▶ **Problem to work on**
Would you write out each line of the material below exactly, skipping every picture?
· · · · · · ·
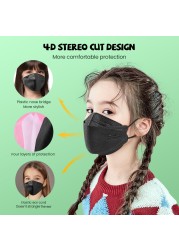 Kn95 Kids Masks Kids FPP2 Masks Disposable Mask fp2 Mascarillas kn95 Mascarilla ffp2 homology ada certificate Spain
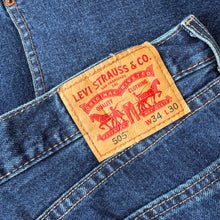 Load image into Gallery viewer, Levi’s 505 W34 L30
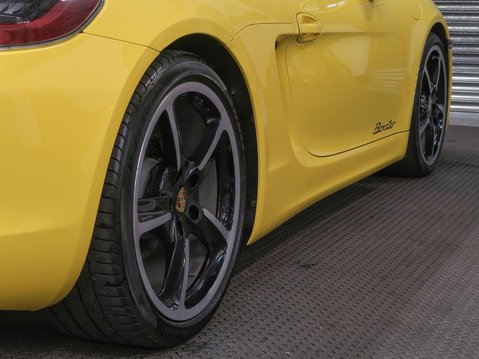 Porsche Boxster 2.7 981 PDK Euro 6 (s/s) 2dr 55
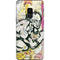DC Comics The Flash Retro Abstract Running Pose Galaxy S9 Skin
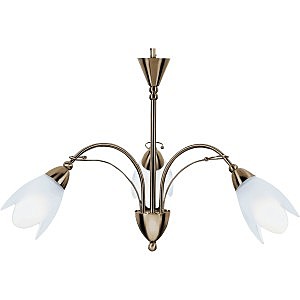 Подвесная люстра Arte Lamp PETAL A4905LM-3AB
· · · · · · ·
▶ **Answer to the problem**
 Kn95 Kids Masks Kids FPP2 Masks Disposable Mask fp2 Mascarillas kn95 Mascarilla ffp2 homology ada certificate Spain
 Load image into Gallery viewer, Levi’s 505 W34 L30
 Porsche Boxster 2.7 981 PDK Euro 6 (s/s) 2dr 55
DC Comics The Flash Retro Abstract Running Pose Galaxy S9 Skin
 Подвесная люстра Arte Lamp PETAL A4905LM-3AB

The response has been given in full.